“又或者哪位大王有法子先破了日寇的軍火?”
瞧著他們年輕氣盛,又血氣方剛的模樣,權鶴越發犯愁的眉頭緊鎖!
他仔細斟酌一下,抬眸與他們商議。
他頗為納悶,哪國先出兵,哪位大王隨後支援,哪位大王已有對策,為何都不說話?
再者,日寇的軍火較強是其一,可最恐怖的是細菌地雷。
說不準他們已經在何人腳底埋下了定時炸彈?
若是有辦法滅了他們的軍火,想必也能輕易滅了日寇?
可是,何人有法子呢?
為何全他們都不率先獻計?
愁人……
“怕他們個……”
“大王!不好了!我們帶出去的三千人都被殺了!”
“出何事了?你為何如此慌張?”
九霄毫無畏懼的言辭未落,忽然聽到門外傳來驚呼的聲音。
權鶴趕忙拂袖收回結界,隻見恆毅傷痕纍纍的闖進來。
他顧不得客套,急忙幾步走上前。
拂袖攙扶著他血流不止的手臂,皺眉擔憂道。
“大王,屬下求莫要戀戰,快與我回國!”
“大溱的領土上萬萬不可久留!”
瞧見大王好心攙扶,言辭間擔憂的關懷,恆毅心裏頗為感動。
他抬起墨發淩亂在血痕累累的臉上,與他著急道。
他擔心大王繼續留下去龍會體危矣,更會遭了那鳳權凰的毒手。
她一個人揮刀殺了數百萬名金龍神將,那大王又豈會是她的對手?
想到她那殺氣致命的模樣,揮刀狠厲果斷。
他趕忙拂袖拉著大王的手腕,著急的轉身要走。
“恆毅,你到底遭遇了何事?”
聽著他慌慌張張的奉勸,權鶴眉頭越發皺緊,滿眼擔心的急忙追問。
打量著真不知他看到什麼可怕之物模樣,更納悶為何要著急回國?
再者,他的身上傷痕纍纍,難不成是遭了日寇的偷襲?
思及此處,他麵色浮現怒意,鬆開他的衣袖,與七國帝王拱手道。
“諸位大王,日寇如此猖狂,若是我們不打定會被其暗殺?”
“你確定這是……”
“休要聽他胡扯!我們是被個花姑娘殺的差點團滅!”
一路上跟著恆毅跑回宮日寇瞧見權鶴誤會了,顧不得洗掉身上的汙穢,剛趕忙與他們著急的解釋。
“好臭?你們何人吃屎了?!”
冷眼而視他們全身都是汙穢,好似躲進茅坑裏打過地道戰一樣?
本就看日寇不爽的九霄拂袖捂著鼻子,萬分嫌惡的內涵一句。
“臭點也比丟了性命強!”
“那兩個花姑娘可謂是如狼似虎,恐怖至極,殺人如麻!”
“身穿白衣服的花娘手拿加特林射殺天神。
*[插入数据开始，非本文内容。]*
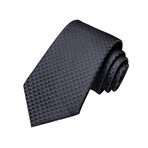 Pitch Handmade Silk Tie // Black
”
“還有個花姑娘刷刷刷的揮大刀,將天神都砍全死了!”
“我們要是不躲在汙穢之地,恐怕死的比碎屍還要慘!”
聽著他嫌惡的語氣,五個狼狽不堪的日寇趕忙與他們著急的解釋。
真以為他們想這麼臭氣衝天的回來?
“你們是說那兩個女人竟如此可怕?”
皺眉緊盯著他們不像是扯謊的言辭,厲鋒眉頭緊蹙,眼底浮現一抹疑惑。
他拂袖,用黑色織金暗紋寬袖捂住鼻子與嘴巴,看向他們蹙眉聲音沉穩道。
他倒是沒有質疑女子嬌弱不可為將,隻是有點不可思議。
區區兩個女人就這麼厲害,難不成八國鐵騎也不是她的對手?
“那依朕看,不如先滅了那個女人?”
“這樣一來大溱定然永無反翻身之地。”
瞧著九霄與厲鋒的嫌棄,南宮厲眉頭緊鎖,心生一計,抬眸與他們抿唇道。
既然已經摧毀了大溱,像這樣的能人更不該出現在此地。
若她是大溱最後的武器,對他們來說定然有害而無益?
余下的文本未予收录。